Monday, February 27, 2012

Stand Your Ground in the Defense of Others

I had the slip opinion in my hand.  I had finished reading the case and highlighting the parts that I wanted to pull for a blog entry.  And then I decided to click on a few links from my blogroll.  After reading John T. Floyd's blog entry, I walked over to the recycling bin and tossed the case I had just read.  I try not to blog about cases on which other bloggers have already written (and written well), save U.S. Supreme Court opinions about which everyone feels compelled to write.

I pride myself on being one of the first to publicly report opinions (published opinions, that is) from the Texas Court of Criminal Appeals.  Well, a case named Morales v.
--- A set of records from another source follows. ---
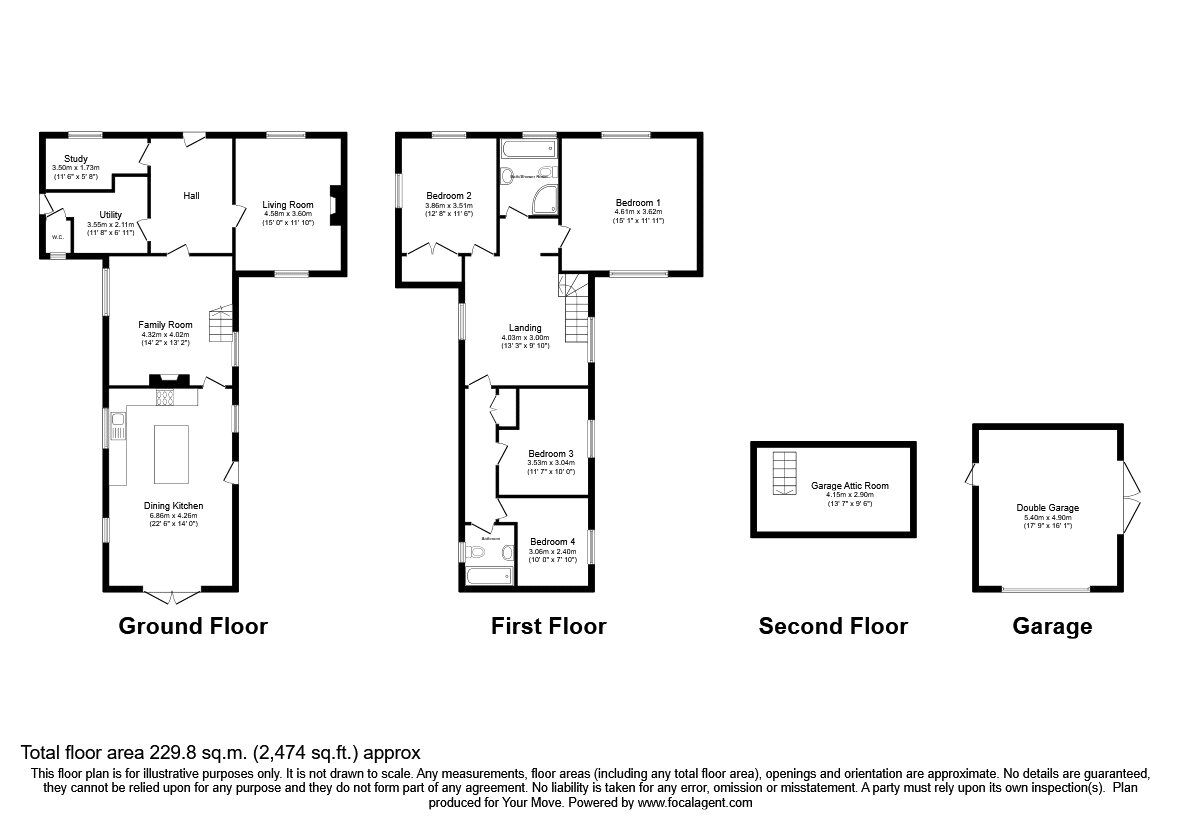 Floorplan of 4 bedroom Detached House for sale, Maesbury Marsh, Oswestry, Shropshire, SY10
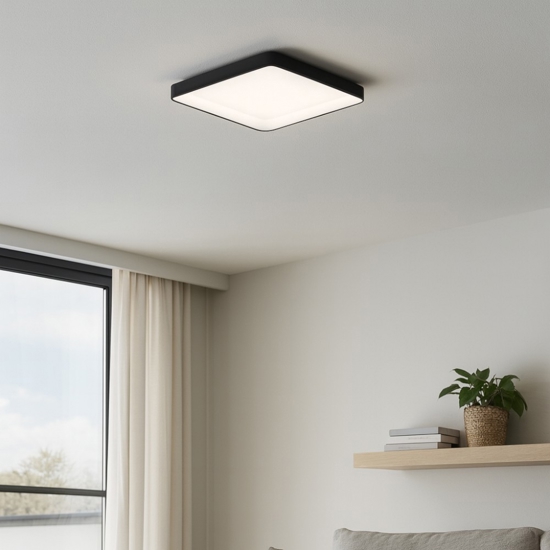 Vivida inner-s plafoniera 80 quadrata nera led 80w 3000k 4000k dimmerabile
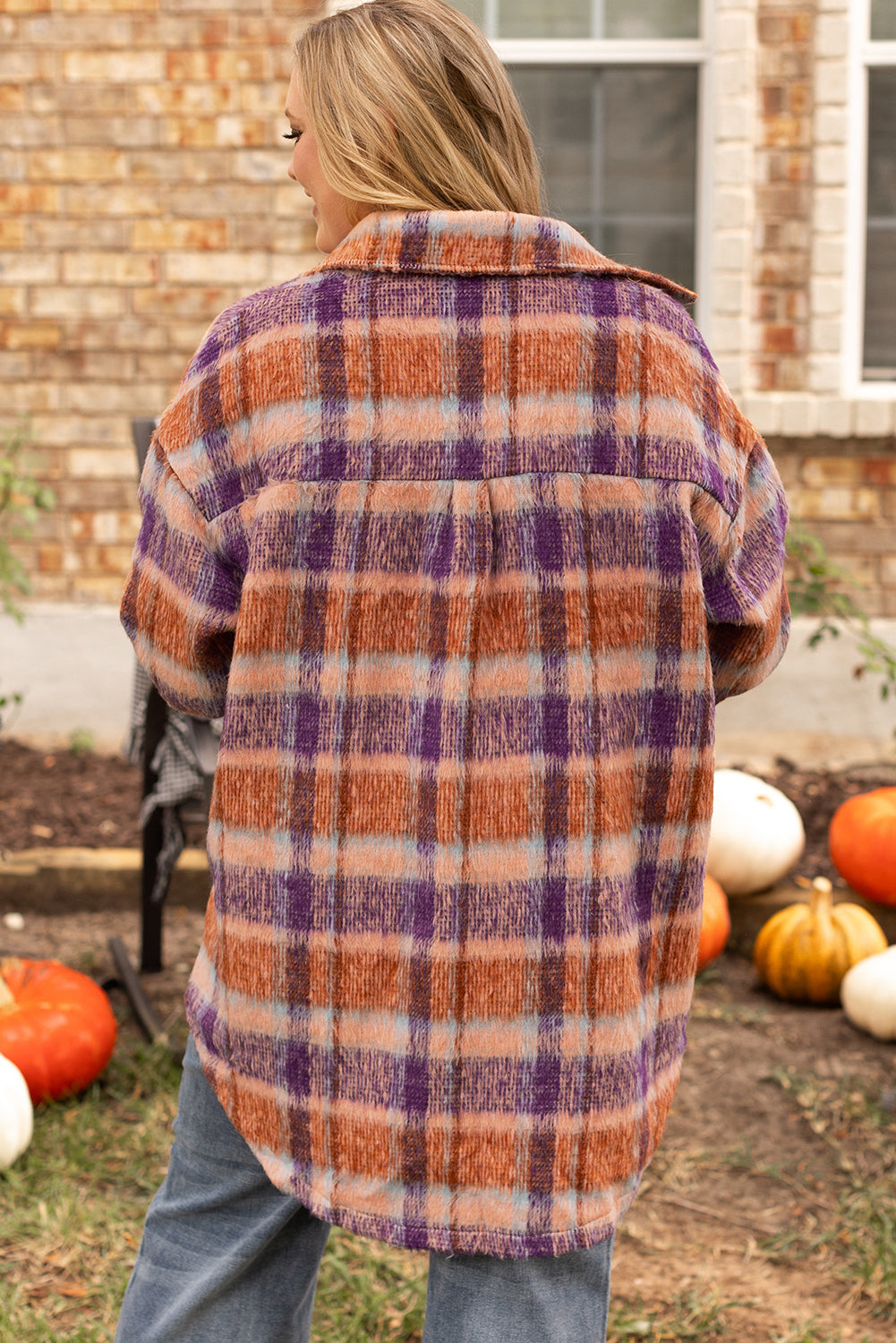 Multicolour Plus Size Plaid Print Collared Button up Shacket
State, came out in November 2011 and it slipped through the cracks.  So today, when I saw that John T. Floyd's blog (Criminal Jurisdiction) had an entry at the top of the page titled: SELF-DEFENSE: NO DUTY TO RETREAT, I knew immediately that I had been scooped.  That's what I get for procrastinating I suppose.

To focus on the positive, at least I don't have to hammer out a blog post about the case (well, at least not a substantive post), because John T. Floyd's post is about as good as it gets.  I encourage any L&J for Y'all readers (yes, I'm delusional enough to believe we have "readers") to go check it out.  He and his paralegal have done an excellent job summarizing the case and the holding, that...

A person is justified in using deadly force against another if he could be justified in using force against the other in the first place … and when he reasonably believes that such deadly force is immediately necessary to protect himself against the other person’s use or attempted use of unlawful deadly force and if a person in the defendant’s situation would not have had a duty to retreat…

Therefore a person may act against another in defense of a third person, provided he acted upon a reasonable apprehension of danger to such third person, as it appeared to him from his standpoint at the time, and that he reasonably believed such deadly force by his intervention on behalf of such third person was immediately necessary to protect such person from another’s use or attempted use of unlawful deadly force, and provided it reasonably appear to such person, as seen from his viewpoint alone, that a person in the situation of the person being defended would not have had a duty to retreat.

A person who has a right to be present at the location where the force is used, who has not provoked the person against whom the force is used, and who is not engaged in criminal activity at the time the force is used is not required to retreat before using force as described herein.